Mam wrażenie, że większość osób krytykujących "metodę Krebsa" nie zapoznała się z nią. Krytykuje cenę i triki marketingowe jej stronie.
Poznałem całość tego kursu dlatego uważam, że prezentowana w nim metoda jest bardzo dobra. Trochę niżej oceniam jakość samego materiału. Jest w nim sporo pomyłek, ale oprócz kursów Young Digitala nie znam żadnego kursu bez literówek.
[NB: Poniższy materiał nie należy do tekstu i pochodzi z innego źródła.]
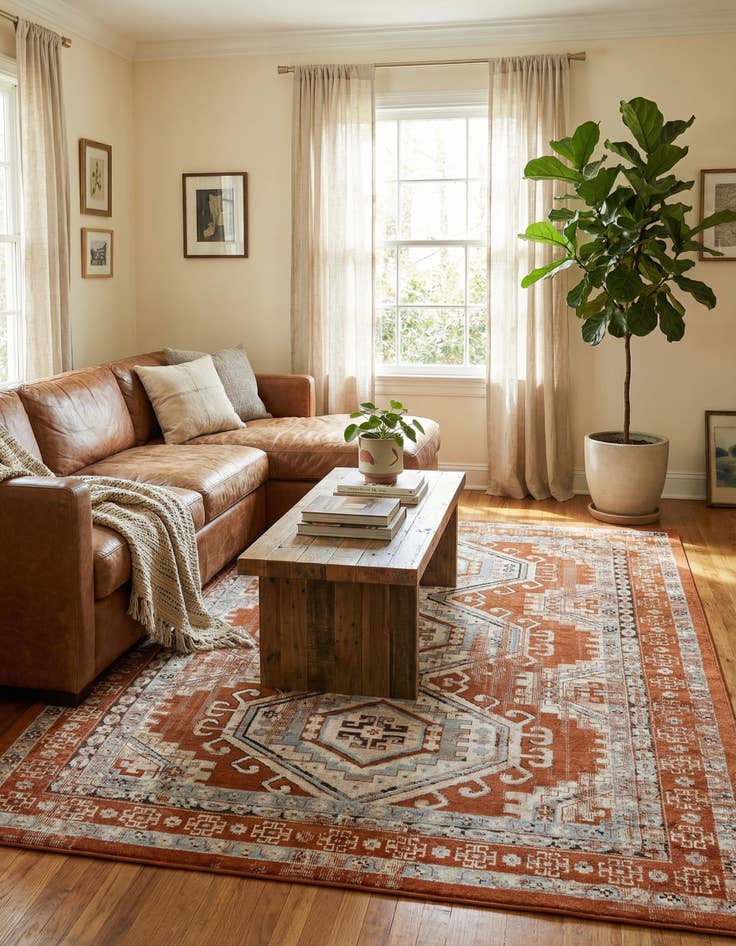 Detail image of 7' x 10' Charlotte Rug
Kurs "Metoda Krebsa" składa się z 40 półgodzinnych lekcji wymowy amerykańskiej. Prawie każda lekcja zaczyna się od krótkiego dialogu i związanych z mim ćwiczeń wymowy. Lektorzy uczą mówić każde zdanie zaczynając od poszczególnych słów, czasami nawet sylab, w każdej lekcji kilkakrotnie powtarzają zdania i wyrażenia przedstawione w danej lekcji oraz niektóre zdania i wyrażenia prezentowane w lekcjach wcześniejszych. Uczeń, który skupia się na lekcji nie myśląc o rzeczach z nią nie związanych, będzie robił szybkie postępy. Po przerobieniu całego materiału, będzie mógł przystąpić do poważniejszego kursu np. "American English ESKK".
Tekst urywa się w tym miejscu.